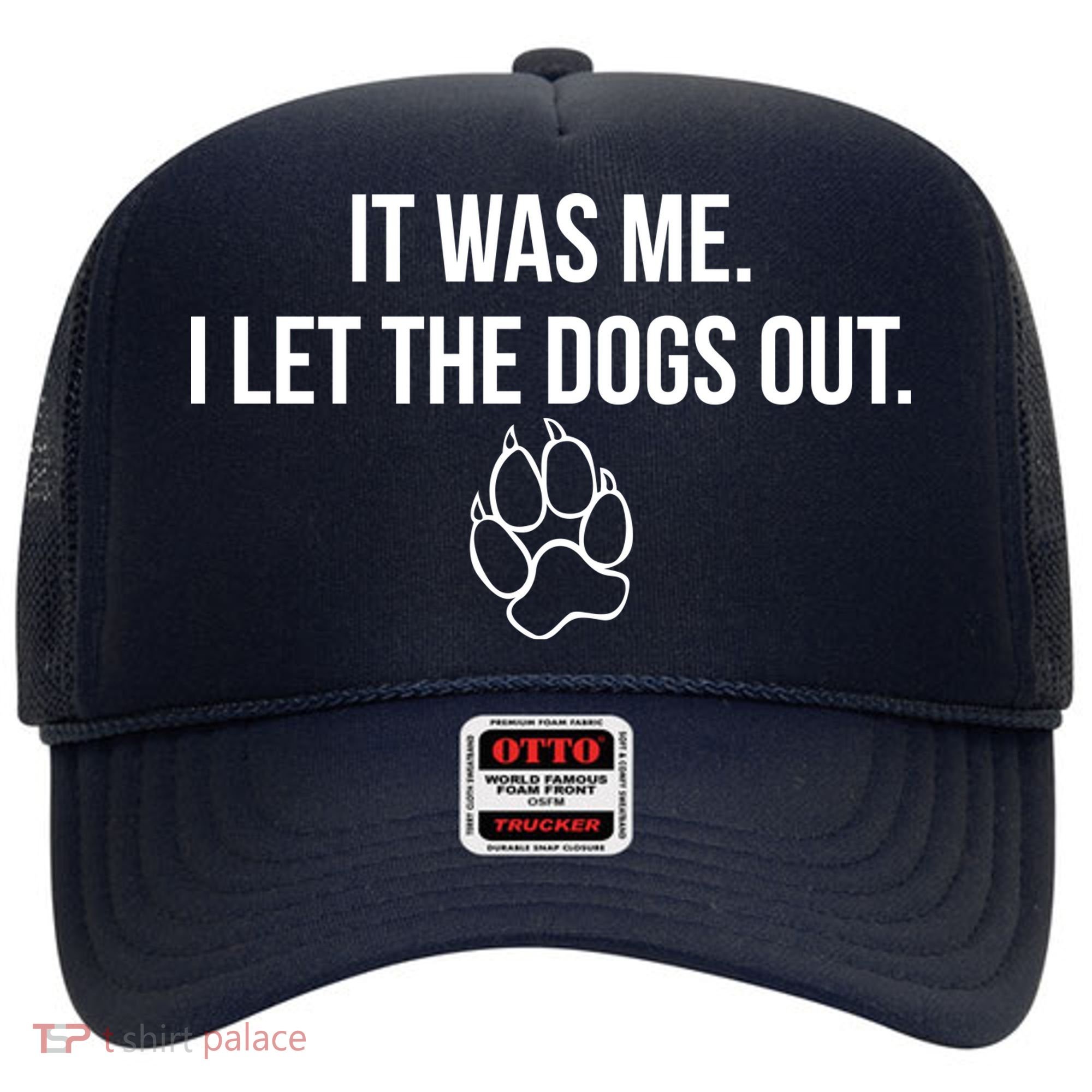 It Was Me I Let The Dogs Out Funny Hat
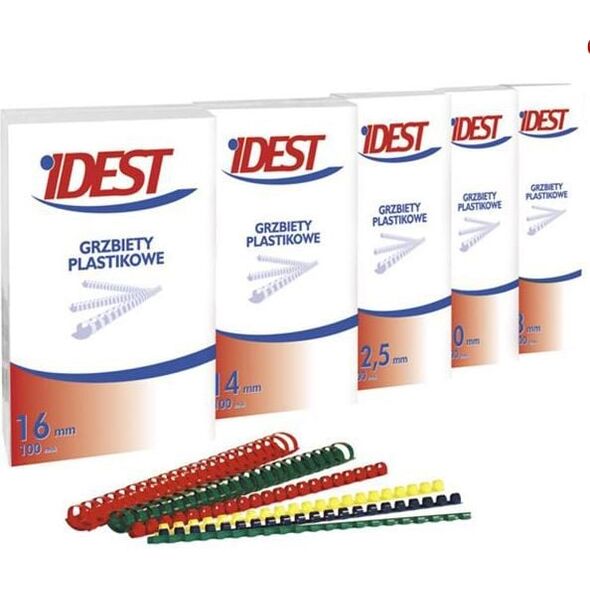 Idest GRZBIET PLAST 10MM/100SZT CZERWONY 707671 5903069998811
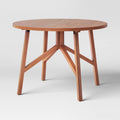 42" Clarksburg Round Dining Table Medium Brown - Threshold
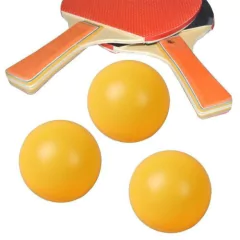 KIT PING PONG 2 PALETAS 3 PELOTAS - PRINCIPIANTE INICIAL - QUUZ, Fitness Gear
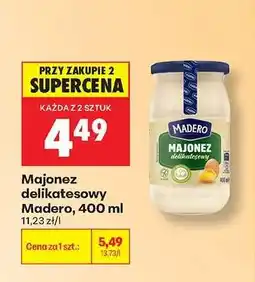 Biedronka MAJONEZ DELIKATESOWY MADERO, 400 ML oferta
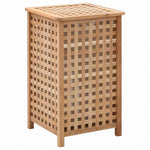 vidaXL ランドリーバスケット 39x39x65cm ウォールナット無垢材ホーム&ガーデン 家事用品 ランドリー用品 洗濯かご(代引不可)
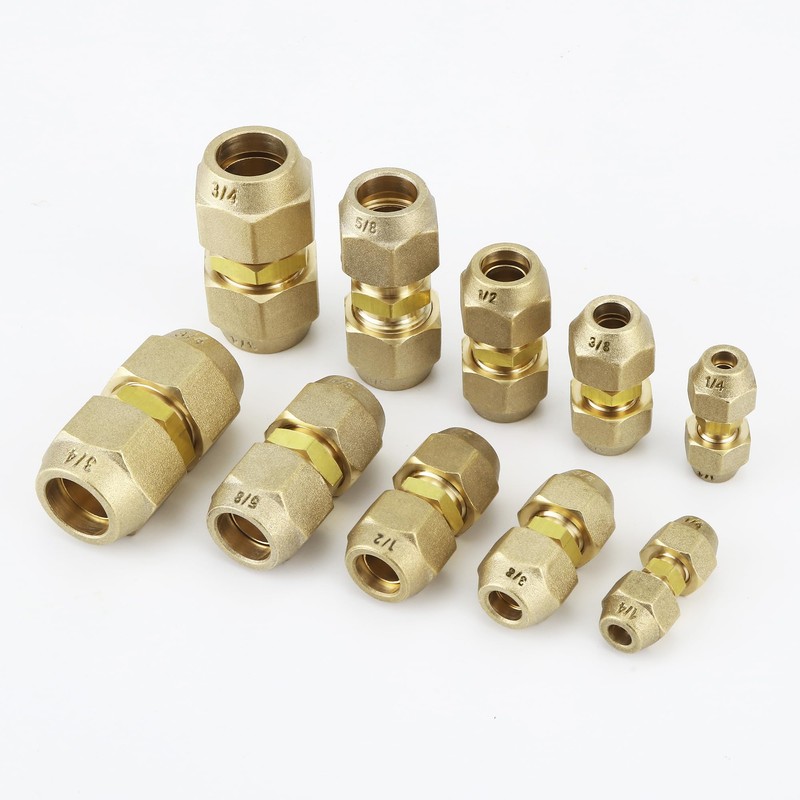 5/8-Inch AC Pipe Joint Connectors, Free Welding Brass Pipe Coupler
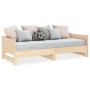 Sofá cama extraíble madera maciza de pino 2x(80x200) cm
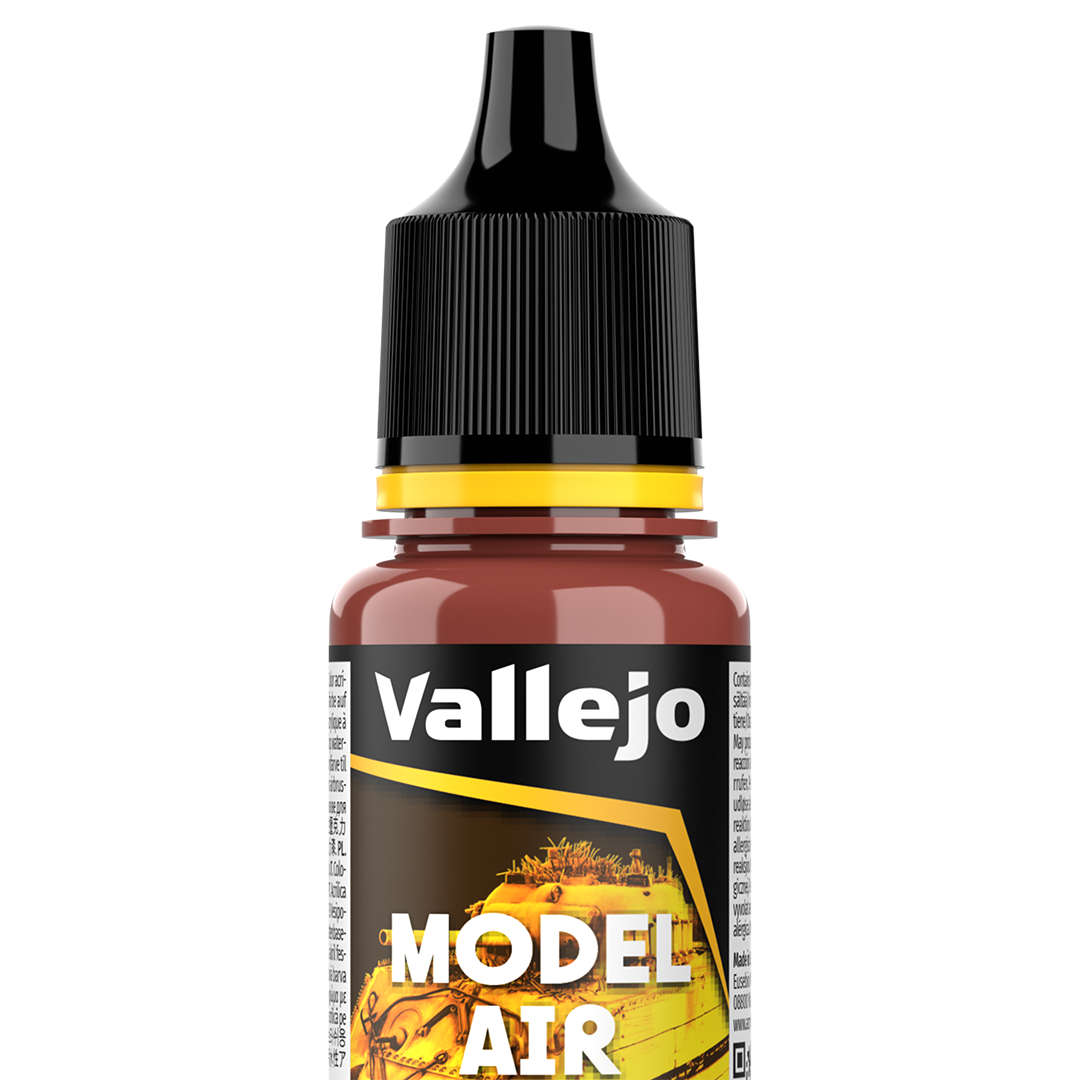 Peinture acrylique Prince August Model Air - flacon 18 ml - Brun RLM26 - Brown RLM26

------------------------------

**What you will do**:
Using the data above, retype exactly and only the lines from the one containing "KIT PING PONG" up to and including the one containing "Sofá cama extraíble", with no pictures carried over.

**Exercise solution**:
 KIT PING PONG 2 PALETAS 3 PELOTAS - PRINCIPIANTE INICIAL - QUUZ, Fitness Gear
 Biedronka MAJONEZ DELIKATESOWY MADERO, 400 ML oferta
 vidaXL ランドリーバスケット 39x39x65cm ウォールナット無垢材ホーム&ガーデン 家事用品 ランドリー用品 洗濯かご(代引不可)
 5/8-Inch AC Pipe Joint Connectors, Free Welding Brass Pipe Coupler
 Sofá cama extraíble madera maciza de pino 2x(80x200) cm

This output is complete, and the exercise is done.